Article de Julie Lossec
Contemplation : entre vide et profusion
À travers un tour d’Europe, la compagnie El Conde de Torrefiel invite à stopper l’espace d’un instant le tourbillon de nos vies pour réfléchir sur le monde d’aujourd’hui, s’attarder sur l’envers du paysage. Cette méditation anthropologique prônant un retour à la nature se présente sous la forme d’une suite de tableaux, qui offrent à voir les expériences vécues par des individus anonymes à différents points du vieux continent. S’ajoute, en parallèle de ces scènes, un récit en voix off dans lequel la troupe convoque fictivement des figures intellectuelles contemporaines qui ont inspiré sa démarche. Ainsi Michel Houellebecq, installé dans un hôtel à Marseille avec une prostituée marocaine dénonce l’imposture de l’art : « l’ibuprofène du peuple ». Zygmunt Bauman, à Varsovie, revendique son droit à l’ennui et la réflexion en réaction à l’omniprésence de l’économie qui, sans cesse, propose du divertissement. Depuis Florence, Blixa Bargeld compare la frustration produite par l’information totale à la sensation d’une boule de viande coincée dans la gorge.
© Ainara Pardal
Dans cette création engagée, la compagnie espagnole pointe du doigt la façon dont l’homme dévoie la nature et sa nature, happé par la société de consommation dans laquelle l’individualisme est roi.

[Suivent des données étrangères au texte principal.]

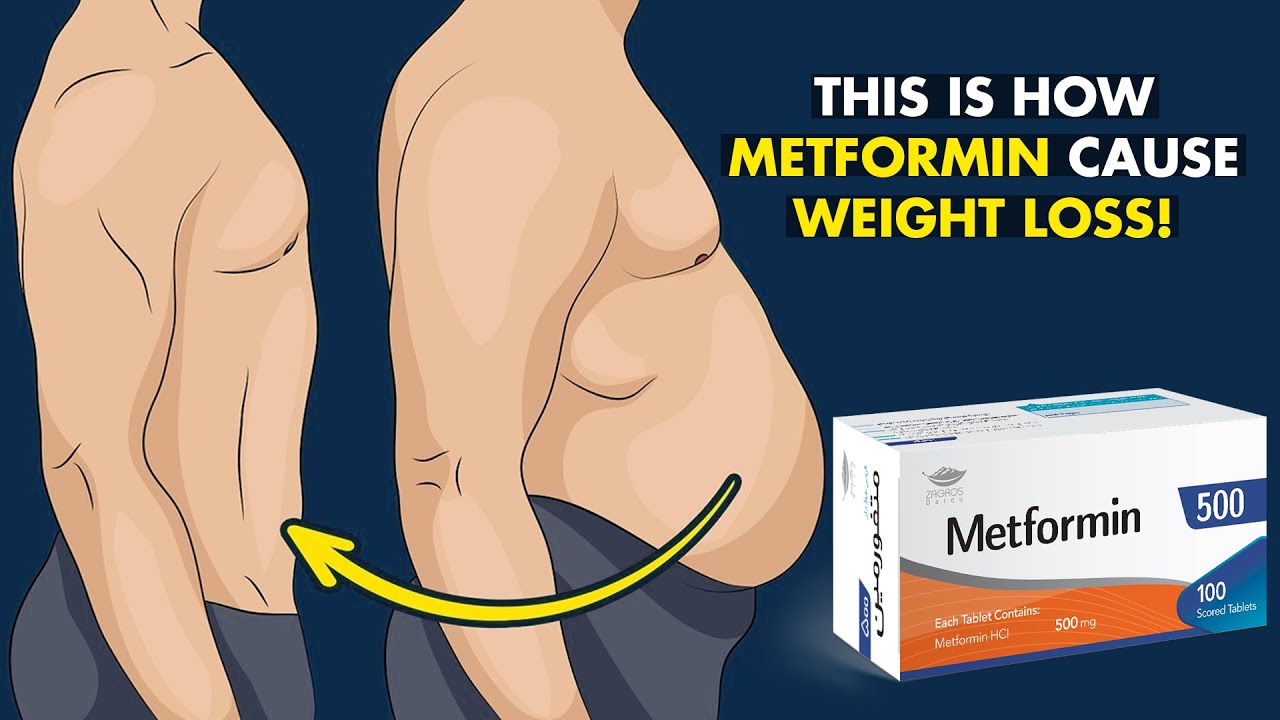 Does Metformin Help You Lose Weight? Exploring the Potential Benefits ... - Can You Lose Weight On Metformin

Le décor est minimaliste. Sur un sol blanc baigné par une puissante lumière, tel un laboratoire, quatre hommes évoluent, le regard volontairement inexpressif, et se fondent dans les situations vécues par des individus simultanément dans dix grandes villes d’Europe. À Berlin, Spencer Tunick photographie 5000 personnes nues devant le Mémorial de la Shoah pour le 70ème anniversaire de l’Holocauste. À Bruxelles, une pièce de théâtre frôlant l’absurde met en scène un public qui reçoit en direct ses instructions de jeu dans des casques individuels. Des chômeurs installent à Thessalonique, le regard vide, une aire de jeux multicolore pour enfants. Un secteur dans lequel ils ont choisi d’investir pour la seule raison qu’il ne connaîtra pas la crise.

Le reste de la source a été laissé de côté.